Straight talk: Moss spent an hour dissecting my game. Nobody had explained me to me with such insight before

AND Frano, Moss is coming as well... The closing words from a telephone call from Nick Farr-Jones who had been working in Paris for a few years at that stage. The first part was sweet music to the ears. A long weekend in Paris in June. One match, all expenses paid, bring your girlfriend, stay in a chateau, du vin, haute cuisine, la belle vie, l'amour and Le Moss. The whole perspective on the long weekend changed once Moss was going to be there.


Ollie Campbell was coming too, but he was going to the World Spoofing Championships. There is a game of spoof and the World Championships were being held in Paris that weekend – seriously. Moss wasn't keen on the silly blazers and strawboat hats which were part of the paraphernalia for this event and we ended up reasonably early back in our hotel, the Hotel California (you can check out but you can never leave).


The next day we were driven to the outskirts of Paris, not sure whether it was north, south, east or west. We went directly to the ground and here it was, a significant and seminal moment, and it came at a jolly in Paris, the only time I ever packed down with Moss Keane. He was nearly 50, he was still a huge man, and he put himself about a bit, mainly because some of his contemporaries Jean Luc Joinel and Jean Francois Imbernon were playing.


I felt like Marty McFly from Back to the Future. I was a child when these guys were slugging it out, it was like a time warp. It was 30 degrees that day and two things could be observed from space that afternoon – the Great Wall of China and Moss's red face. He scored a try that afternoon which added to the colourimetry.


I took time out on the pitch to watch this marvellous man indulge his passion in the game. When the final whistle blew I shook his hand and told him what a privilege it was to play with him.

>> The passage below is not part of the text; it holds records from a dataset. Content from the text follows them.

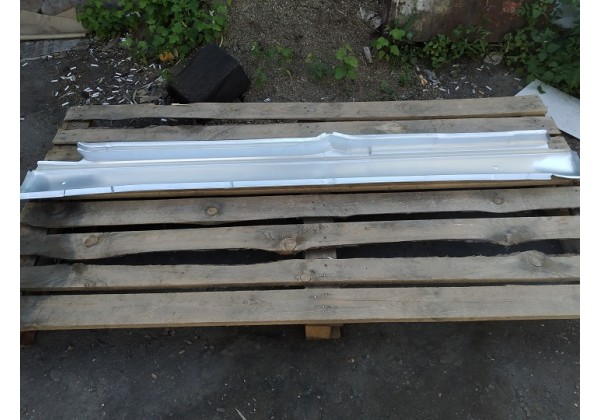 Поріг правий, для грузовика Partner, Berlingo, 7008Z7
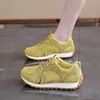 Zapatos casuales de malla transpirable hueca estilo americano, delgados, de suela suave, para mujer, que aumentan la altura, versátiles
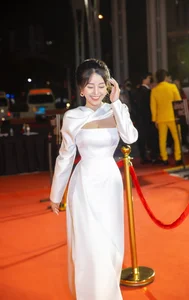 Vo Ngoc Tran’s Radiant Summer Glow: Exploring the Visual Aesthetic of Vietnam’s Top Influencer - image 74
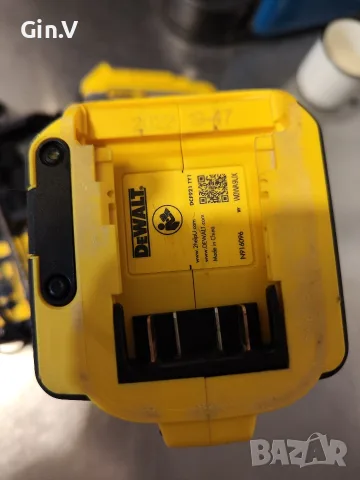 Гайковерт DeWALT DCF921, 18 V, 406 Nm, с 2 батерии 1.7 Ah PowerStack и зарядно, снимка 6 - Други машини и части - 55685059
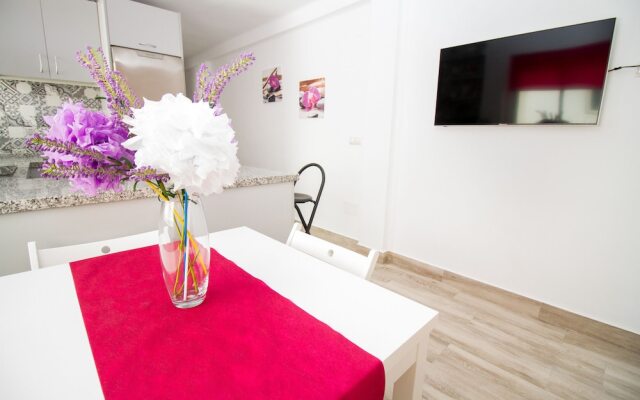 Modish 3 bedroom Apartment in Malaga by La Recepción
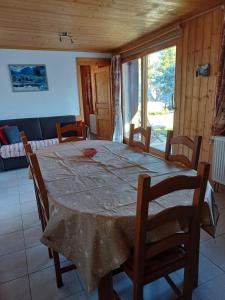Zdjęcie z galerii obiektu chalet Mont-Blanc w mieście Combloux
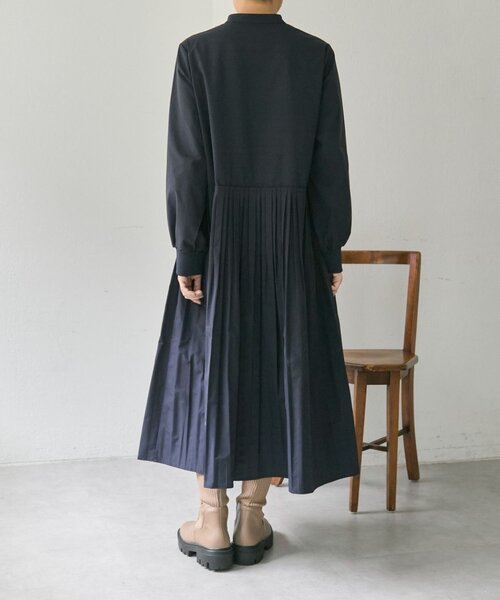 ear PAPILLONNER（イアパピヨネ）の「消しプリーツワンピース【SUM1 STYLE】（ワンピース・レディース・ネイビー/ベージュ系その他・FREE）」の6枚目の写真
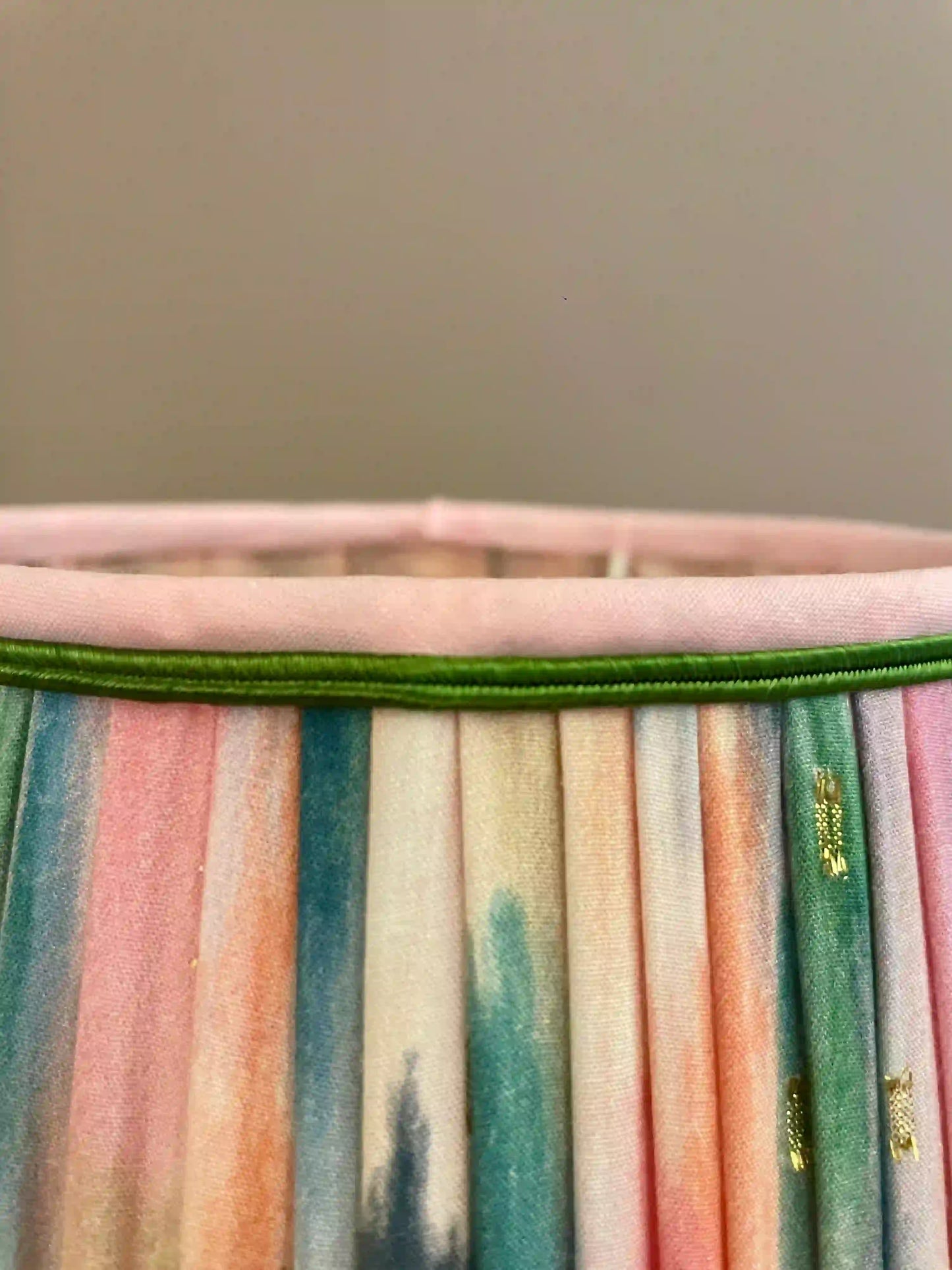 Abat-jour tambour plissé froncé pastel - C’est pas Versailles ici !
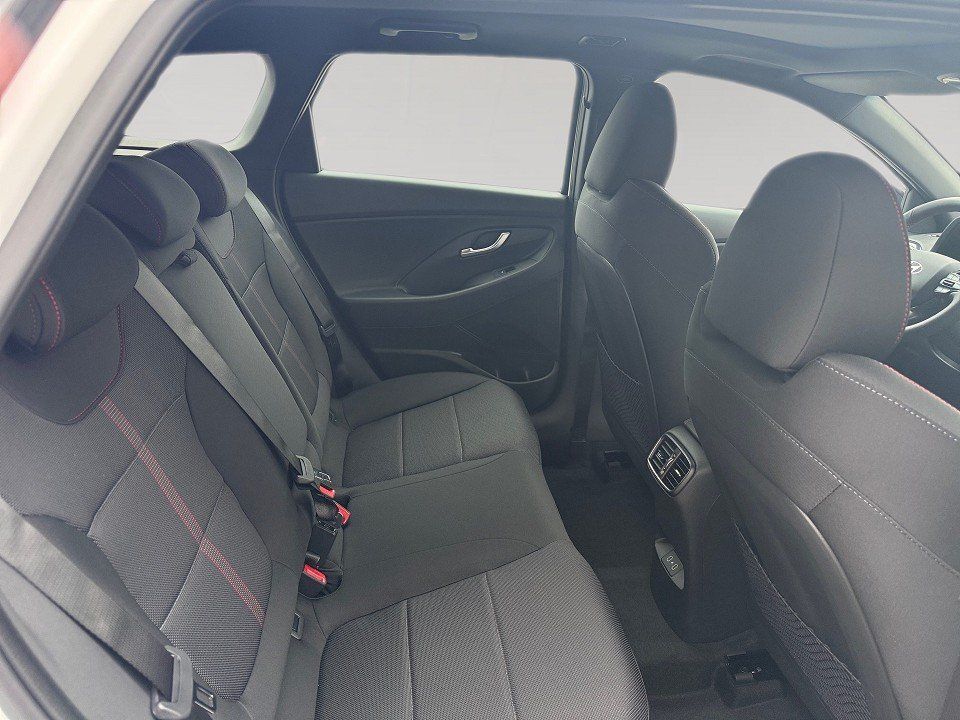 Fahrzeugabbildung Hyundai i30 Kombi 1.5T 140PS 48V N LINE Panoramadach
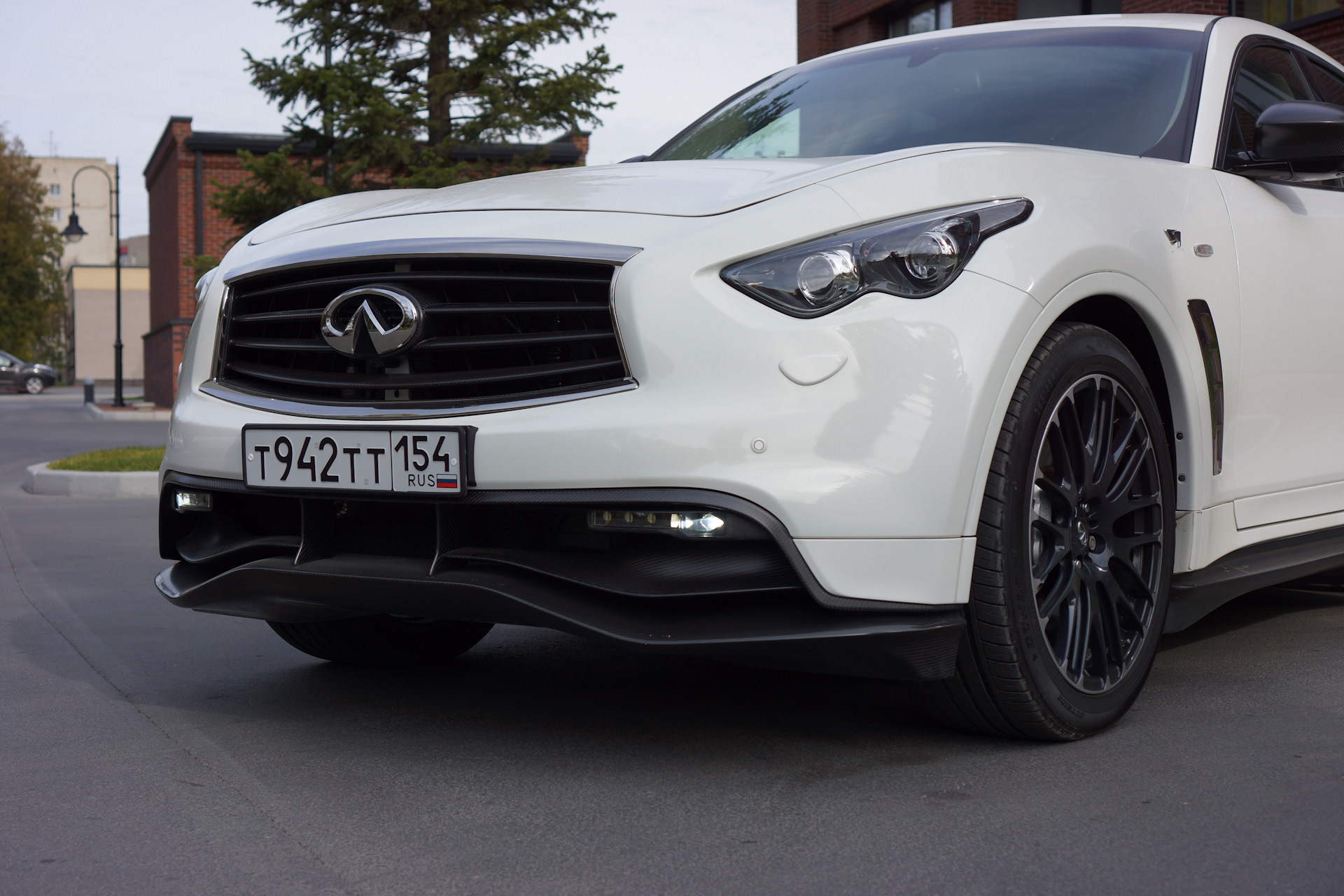 Infiniti FX Limited Edition r21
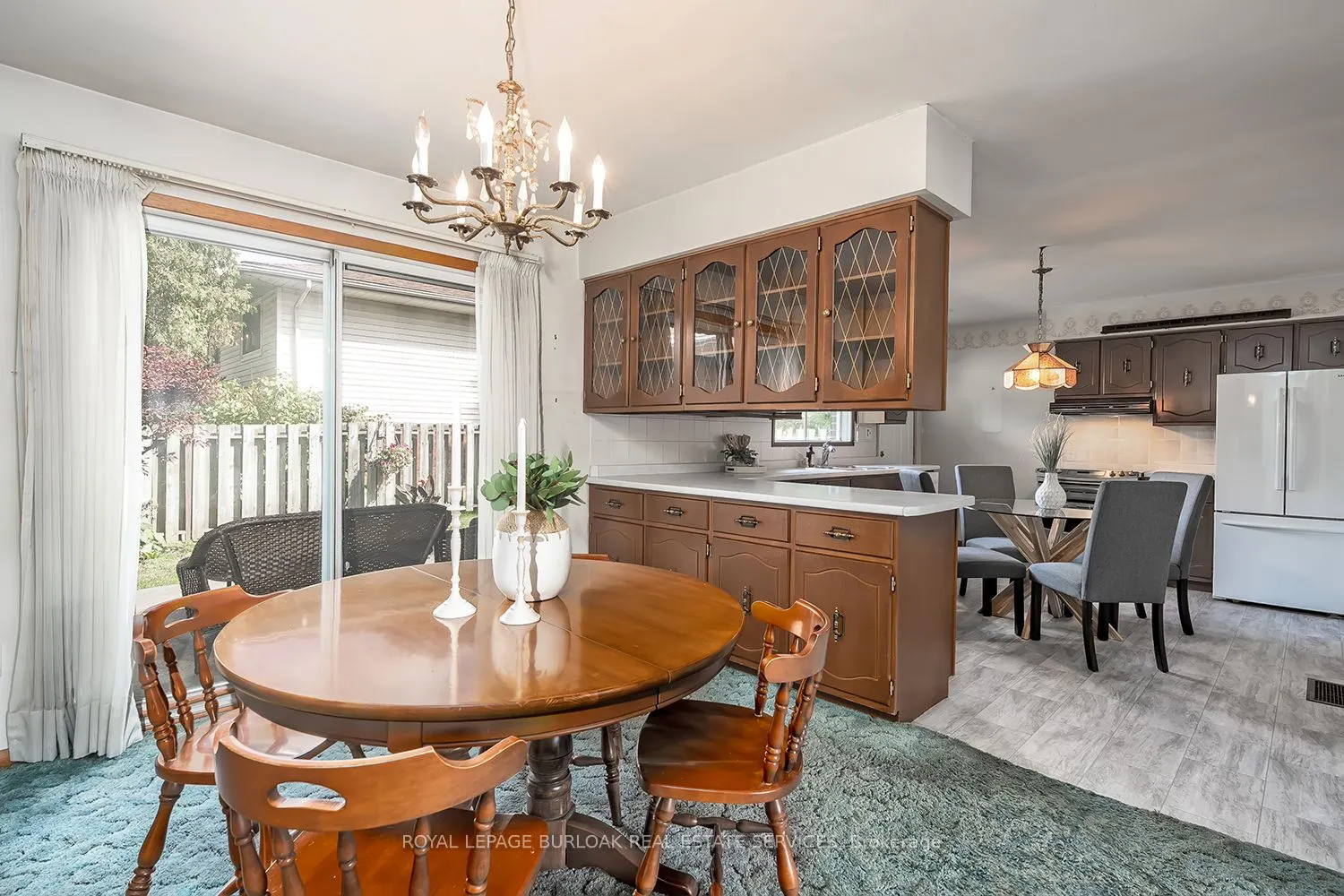 3 White Oaks Avenue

"Frunsus yowere the laziest f**ker that ever set foot on a rugby pitch." He then spent an hour dissecting my game, his range and knowledge were astonishing. Nobody else had explained me to me before with such insight and depth. He laughed that big diesel-train engine laugh of his, apologised for anything that was close to the bone and led me to the bar. My only avenue of reproach was why hadn't he told me these things 15 years earlier. Another first, who can say that they were ever psycho-analysed by Moss Keane?


At the dinner Moss called over the fromageuse and asked her to bring out every cheese she had in the larder. His thirst for knowledge was unquenchable. Because of his work in the Department of Agriculture he knew more about every local cheese delicacy than she did.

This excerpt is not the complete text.